""water in the bottom of my refrigerator and I can't find the drain""
A "frost free" refrigerator really just hides the frost in a hidden basin where it melts and drains through a tube to a pan by the compressor. In a top-freeze, the secret basin is under the freezer floor. And after 18 years, dust and lint and yuck clog the tube. Your basin runeth over, into the main refrigerator bay, and soaks your egg-carton.
General older GE top-freeze. (Kenmore is similar.)
I assume no ice-maker. (I don't have one so I dunno if it gets in the way.)
Take all ice cream etc out of freezer and eat it (or hold on ice in a cooler... need about a half-hour).
Unplug refrigerator. You might be OK just turning to full-warm, but there can be a small fan inside the basin which could run unexpectedly, or nearly-insulated wires, so best to un-plug.
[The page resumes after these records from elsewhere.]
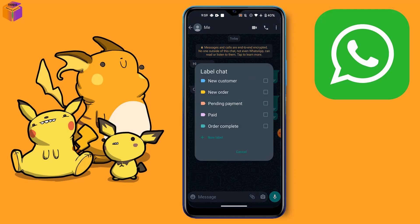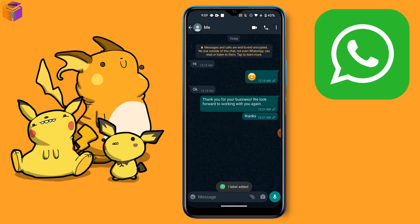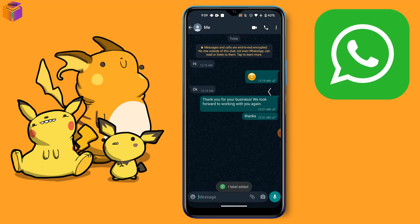In the label chat section, select a label, then click the save option. After clicking save, you can see the message has been labeled. Friends, that was the video — if this video was helpful to you,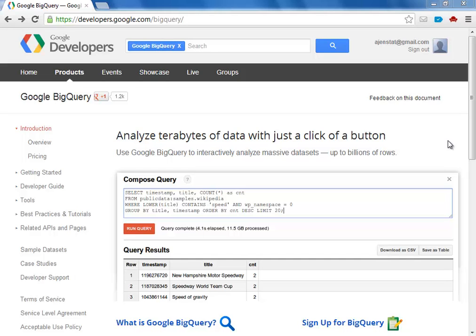In this video, I'd like to show you the new integration between Tableau and Google BigQuery. This is an exciting integration as it enables anyone to quickly analyze massive amounts of data using simple drag-and-drop operations.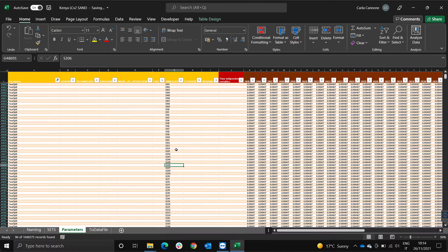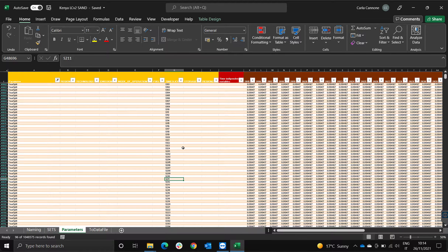Having this many time slices gives precision to the model in the sense that it accounts for variations of demand throughout the hours and variations of production from renewable technologies. Having said that, to use 96 time slices is ideal when the data is very clear or when you want very clear results. Otherwise you could use fewer time slices, which will reduce precision but will make your model run much quicker.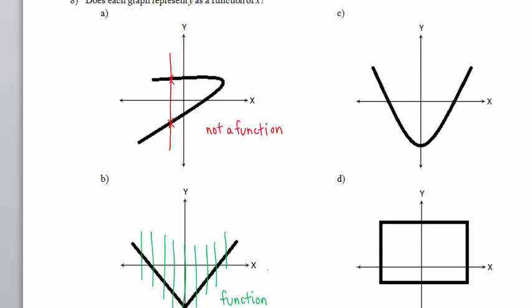In Part C, we see a similar situation as in Part B. In Part D, I draw several random vertical lines. Each vertical line touches the graph in only one point. Thus, we say this graph passes the vertical line test and the given graph is a function.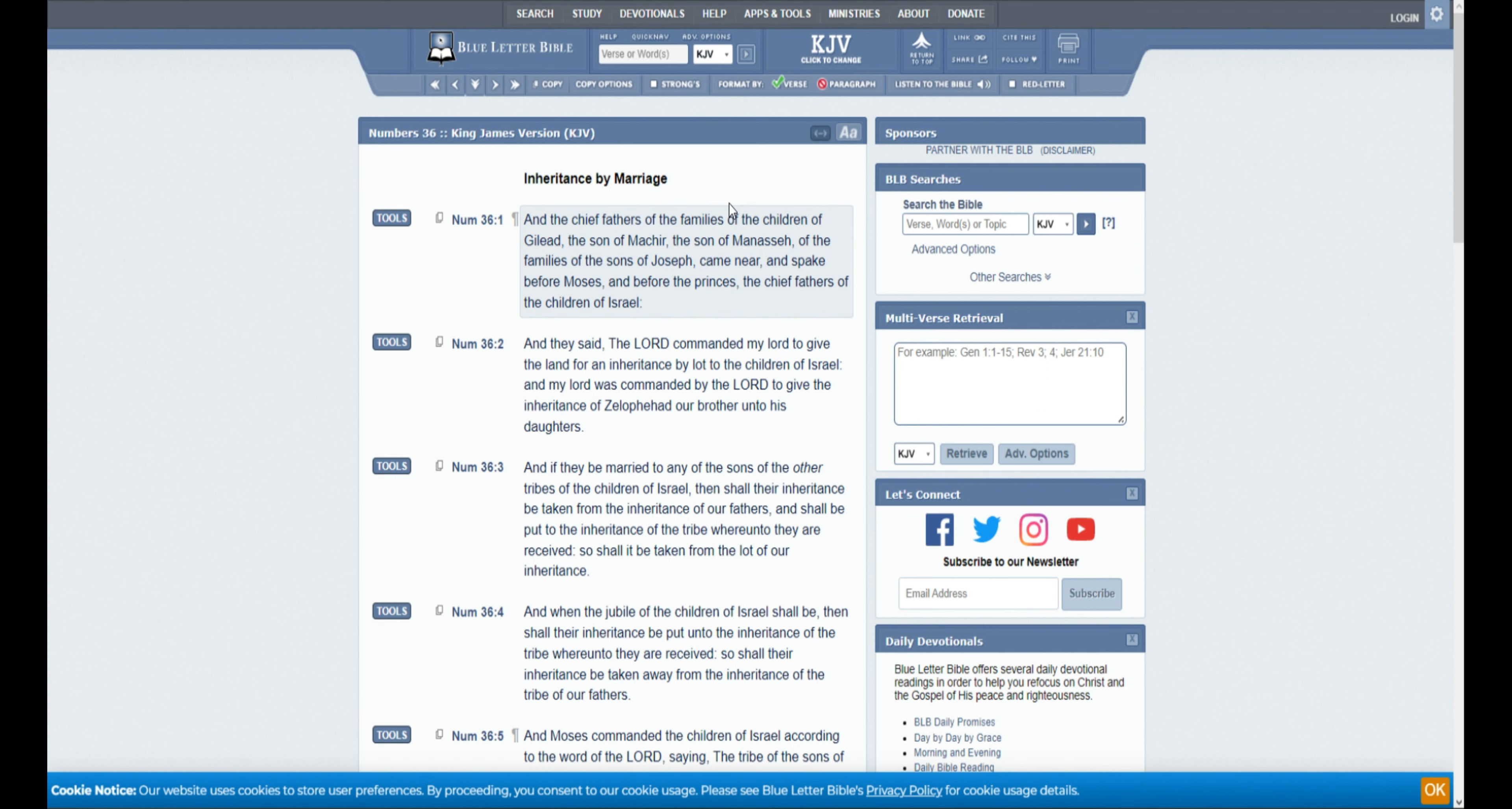if she goes and marries outside the tribe, that inheritance leaves the tribe. So, if she's the only child, she's to marry within the tribe, basically. And that's really what's going on here.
**** Four to six Phillips-head screws in freezer floor, take them out. ****
Gently lift the freezer floor and peek underneath. The drain should be visible and the "yuck" is probably at this end. Poke with a Q-tip. GE suggests a baking soda solution in a turkey baster. That may be good if the "yuck" is not at this end, and you want to try to flush the whole tube.
Put the freezer floor back, put the screws back. Plug-in. Swing a frozen chicken over your head for luck, then re-fill the freezer. Keep your drip-mug in the bottom just in case. Check next day.